Middleware¶
Middleware in Skarv allows you to transform, filter, and process data as it flows through the system. Middleware functions are applied to data before it reaches subscribers, enabling powerful data processing capabilities.
How Middleware Works¶
Middleware functions are registered for specific key patterns and are executed in sequence when data is published:
If any middleware returns None
, the data flow stops and the value is not stored or sent to subscribers.
Built-in Middleware¶
Skarv provides several built-in middleware functions for common data processing tasks.
Throttling¶
Limit the rate of data updates to prevent overwhelming subscribers:
from skarv.middlewares import throttle
import skarv
# Allow temperature updates at most once every 5 seconds
skarv.register_middleware("sensor/temperature", throttle(5.0))
@skarv.subscribe("sensor/temperature")
def handle_temperature(sample):
print(f"Temperature: {sample.value}°C")
# These will be throttled
skarv.put("sensor/temperature", 22.5) # ✅ First update
skarv.put("sensor/temperature", 23.1) # ❌ Throttled (too soon)
skarv.put("sensor/temperature", 22.8) # ❌ Throttled (too soon)
Averaging¶
Compute moving averages over a window of samples:
from skarv.middlewares import average
import skarv
# Average humidity readings over 10 samples
skarv.register_middleware("sensor/humidity", average(10))
@skarv.subscribe("sensor/humidity")
def handle_humidity(sample):
print(f"Average humidity: {sample.value}%")
# Add some readings
for i in range(15):
skarv.put("sensor/humidity", 60 + i)
# First 9 updates will show individual values
# Updates 10+ will show moving averages
Weighted Averaging¶
Compute weighted moving averages with more recent values having higher weight:
from skarv.middlewares import weighted_average
import skarv
# Weighted average over 5 samples
skarv.register_middleware("sensor/pressure", weighted_average(5))

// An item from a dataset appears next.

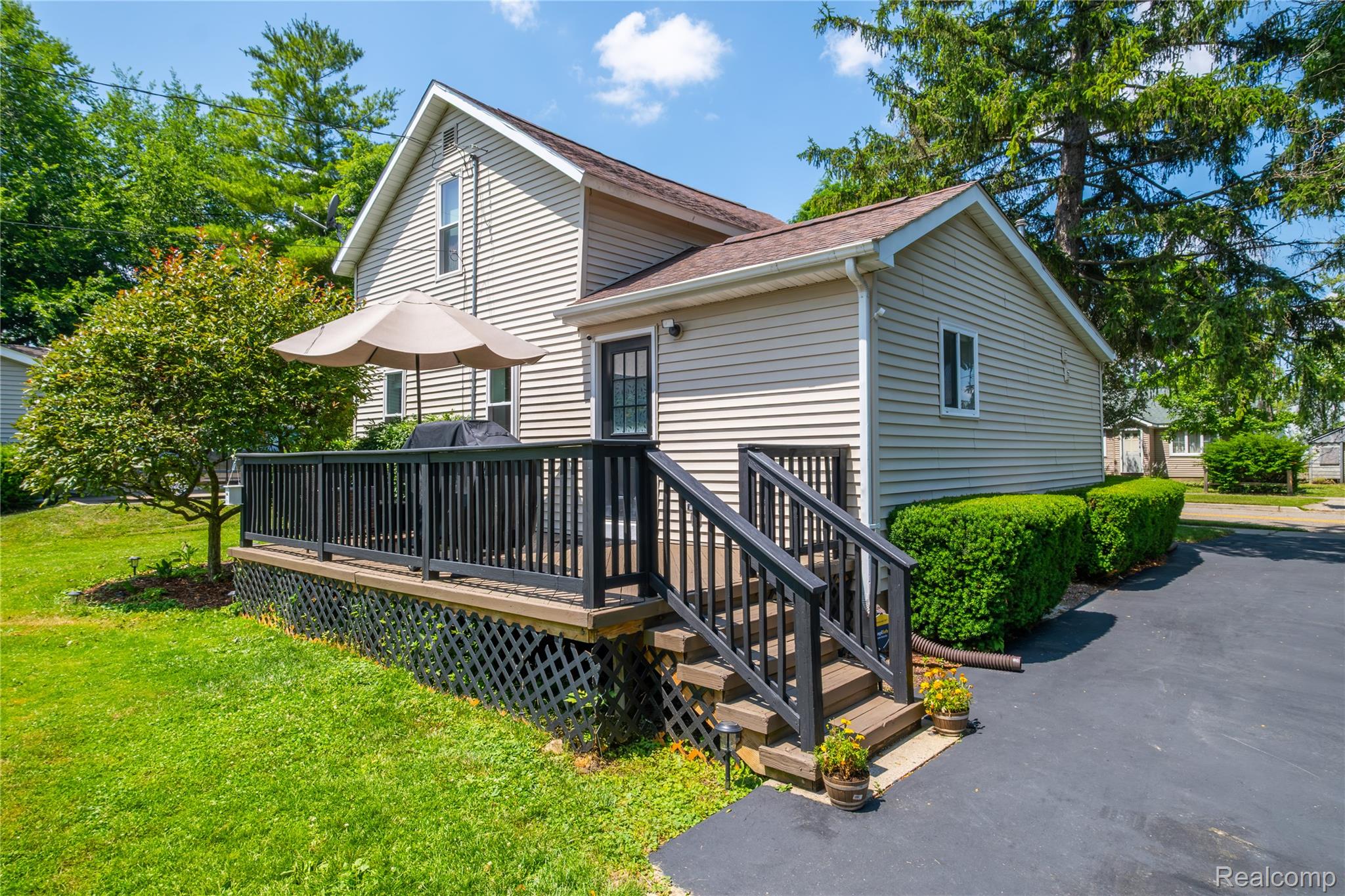 57 N Elm Street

@skarv.subscribe("sensor/pressure")
def handle_pressure(sample):
print(f"Weighted average pressure: {sample.value} hPa")
Differentiation¶
Compute the numerical derivative of values over time:
from skarv.middlewares import differentiate
import skarv
# Compute rate of change for temperature
skarv.register_middleware("sensor/temperature", differentiate())
@skarv.subscribe("sensor/temperature")
def handle_temperature_rate(sample):
if sample.value is not None:
print(f"Temperature rate: {sample.value}°C/s")
else:
print("First temperature reading - no rate available")

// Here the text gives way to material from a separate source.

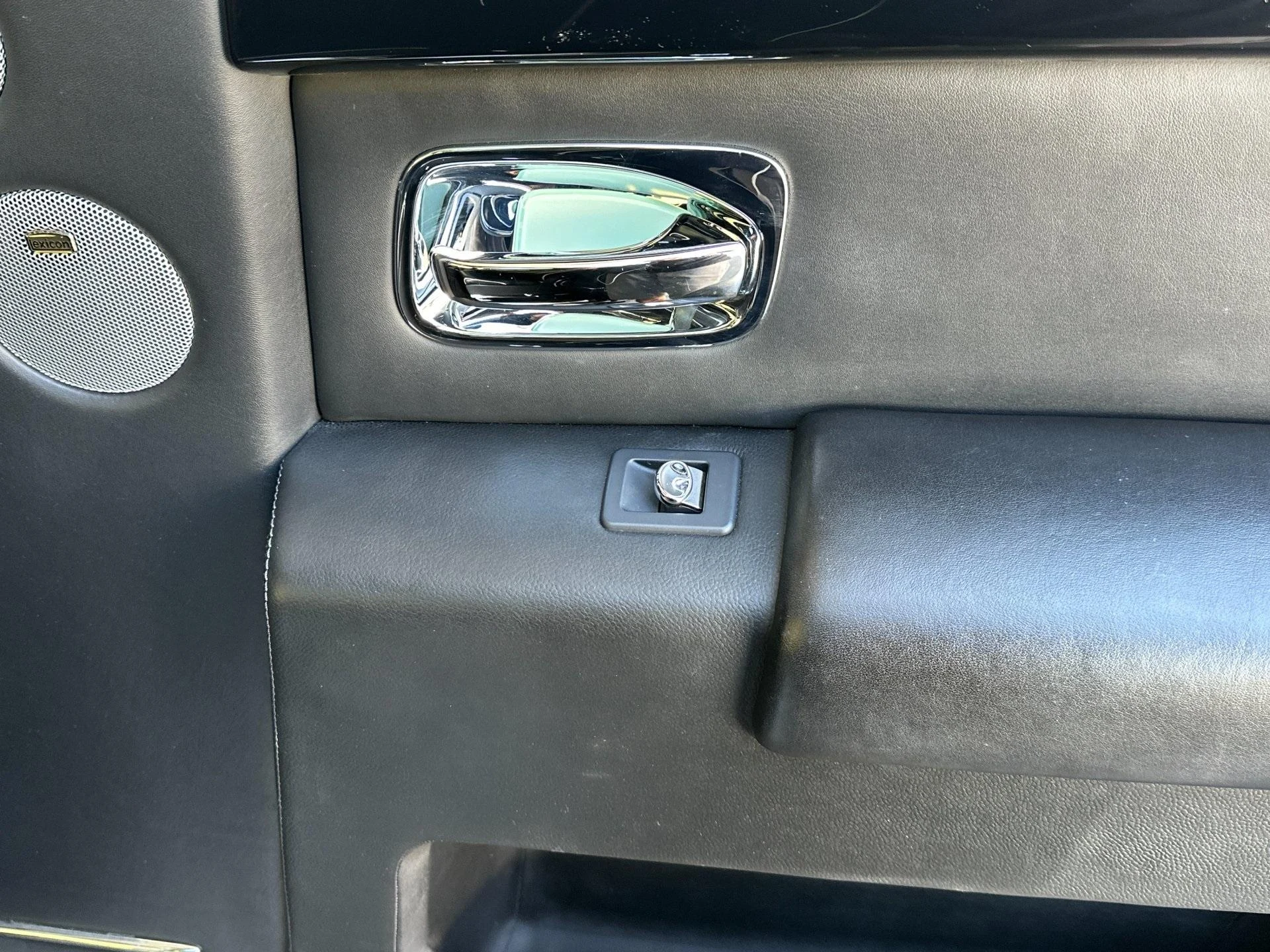 mph015_1580233606_Used_2008_Rolls_Royce_Phantom_Series_I_1751459101_c3c131ca6a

# Add readings with time intervals
skarv.put("sensor/temperature", 20.0)
time.sleep(1)
skarv.put("sensor/temperature", 22.0) # Rate: 2.0°C/s
time.sleep(1)
skarv.put("sensor/temperature", 21.5) # Rate: -0.5°C/s
Batching¶
Collect multiple values and emit them as a batch:
from skarv.middlewares import batch
import skarv
# Collect 5 sensor readings before emitting
skarv.register_middleware("sensor/readings", batch(5))
@skarv.subscribe("sensor/readings")
def handle_batch(sample):
print(f"Batch of {len(sample.value)} readings: {sample.value}")
# Add individual readings
for i in range(7):
skarv.put("sensor/readings", f"reading_{i}")

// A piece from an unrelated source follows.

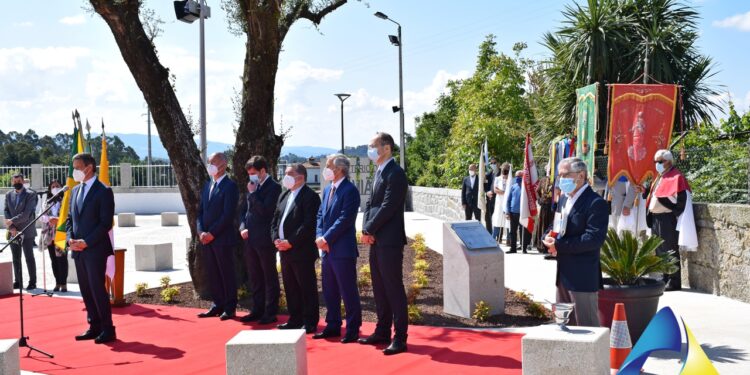 Galeria de fotos – Requalificação do Adro – Gavião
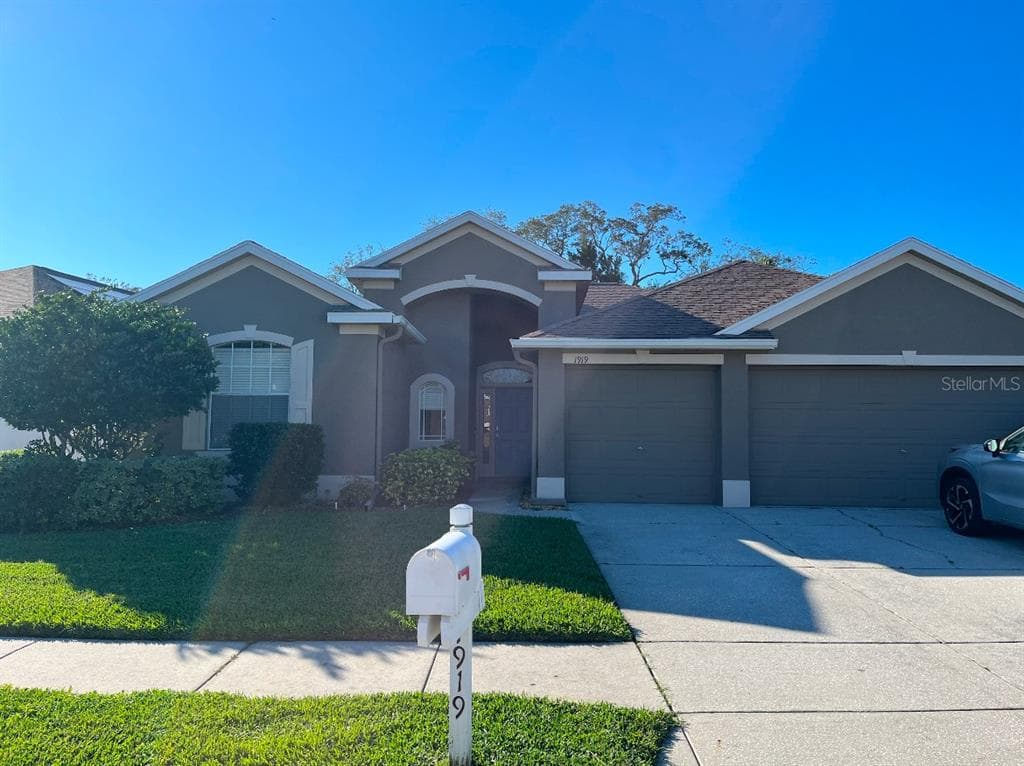 1919 OSWEGO DRIVE HOLIDAY, FL 34691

# First 4 updates: no output (collecting)
# 5th update: batch of 5 readings
# 6th update: no output (collecting for next batch)
# 7th update: batch of 2 readings (if we stop here)
Combining Middleware¶
You can register multiple middleware functions for the same key pattern. They will be executed in the order of registration:
from skarv.middlewares import throttle, average
import skarv
# First throttle, then average
skarv.register_middleware("sensor/temperature", throttle(2.0))
skarv.register_middleware("sensor/temperature", average(5))
@skarv.subscribe("sensor/temperature")
def handle_processed_temperature(sample):
print(f"Processed temperature: {sample.value}°C")
# This will:
# 1. Throttle to at most once every 2 seconds
# 2. Average over 5 samples
# 3. Send to subscribers
Custom Middleware¶
You can create your own middleware functions. A middleware function should:
- Take a value as input
- Return the processed value or
None
to stop the flow
Example: Data Validation¶
def validate_temperature(value):
"""Validate temperature readings are within reasonable range."""
if isinstance(value, (int, float)) and -50 <= value <= 100:
return value
else:
print(f"Invalid temperature: {value}")
return None
# Register custom middleware
skarv.register_middleware("sensor/temperature", validate_temperature)
@skarv.subscribe("sensor/temperature")
def handle_valid_temperature(sample):
print(f"Valid temperature: {sample.value}°C")
# Test with valid and invalid data
skarv.put("sensor/temperature", 22.5) # ✅ Valid
skarv.put("sensor/temperature", 150) # ❌ Invalid (too high)
skarv.put("sensor/temperature", "hot") # ❌ Invalid (not numeric)
Example: Data Transformation¶
def celsius_to_fahrenheit(value):
"""Convert Celsius to Fahrenheit."""
if isinstance(value, (int, float)):
return (value * 9/5) + 32
return None
def add_timestamp(value):
"""Add timestamp to data."""
import time
return {
"value": value,
"timestamp": time.time()
}
# Register transformation middleware
skarv.register_middleware("sensor/temperature", celsius_to_fahrenheit)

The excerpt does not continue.